WASHINGTON (Reuters) - The United States on Monday launched the first salvo in the renegotiation of the 23-year-old North American Free Trade Agreement (NAFTA), saying its top priority for the talks was shrinking the U.S. trade deficit with Canada and Mexico.
In a much-anticipated document sent to lawmakers, U.S. Trade Representative Robert Lighthizer said he would seek to reduce the trade imbalance by improving access for U.S. goods exported to Canada and Mexico under the three-nation pact.
For the first time in a U.S. trade deal, the administration also said it wants an “appropriate” provision to deter currency manipulation by trading partners. The move appeared aimed at future trade deals rather than specifically at Canada and Mexico, which are not considered currency manipulators.
The 17-page document asserted that no country should manipulate its currency exchange rate to gain an unfair competitive advantage, an often-cited complaint about China in past years.
Shortly before the release of the document, President Donald Trump lashed out against trade deals and unfair trade practices, saying he would take more legal and regulatory steps during the next six months to protect American manufacturers.
Canadian Minister of Foreign Affairs Chrystia Freeland said the U.S. list was “part of its internal process” although a source familiar with the Canadian government’s thinking said the document was “not earth shattering.”

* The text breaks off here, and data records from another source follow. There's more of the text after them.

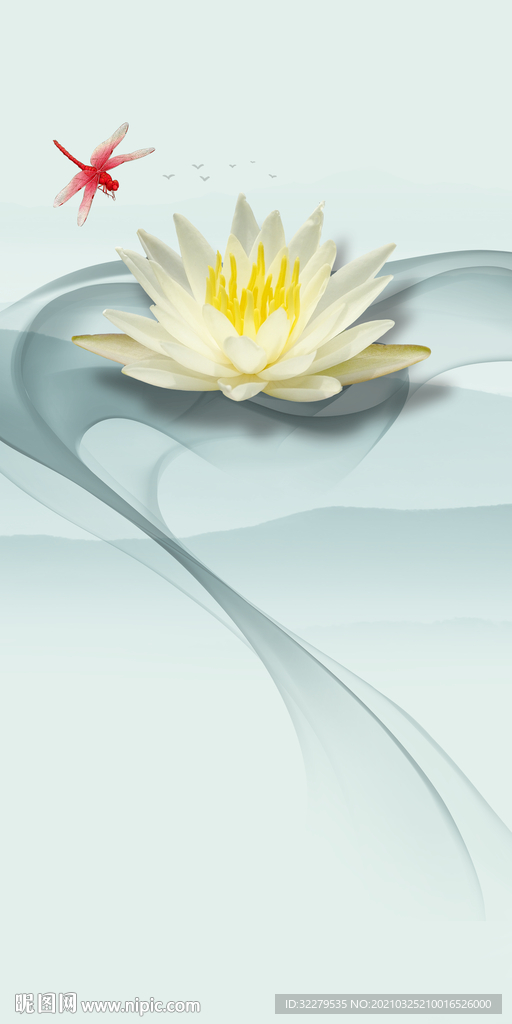 荷花意境新画玄关 文件分层画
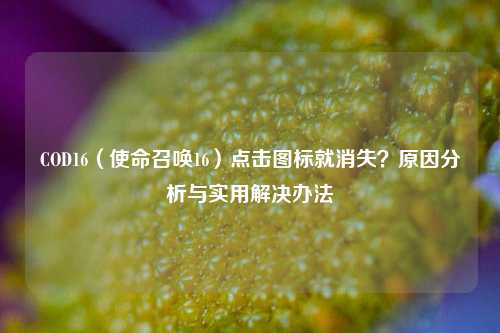 COD16(使命召唤16)点击图标就消失?原因分析与实用解决办法
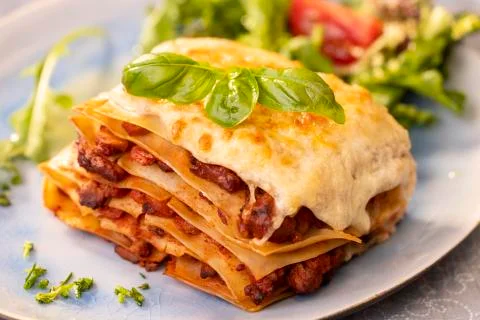 Lasagna on a plate Stock Photos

The source said officials from the United States, Mexico and Canada would meet in Washington on Tuesday to discuss logistics of the talks. No date has been announced for the NAFTA talks, but they are expected in mid-August.
Mexico’s economy ministry said in a statement it would work “to achieve a constructive negotiation process that will allow trade and investment flows to increase and consolidates cooperation and economic integration to strengthen North American competitiveness.”
Speaking on condition of anonymity, a senior Mexican government official said the list of priorities was “not as bad as I was expecting” and welcomed that the United States was not pushing to impose punitive tariffs, as Trump has threatened.
Trade experts have argued that shrinking the yawning U.S. trade deficit will not be achieved through trade deals but rather by boosting U.S. savings.
“The first bullet point shows their preoccupation with bilateral trade deficits and that’s unfortunate,” said Chad Bown, a senior fellow and trade expert at the Peterson Institute for International Economics. “There’s not much that trade policy and trade agreements can do to change those. That’s more of a macroeconomic issue.”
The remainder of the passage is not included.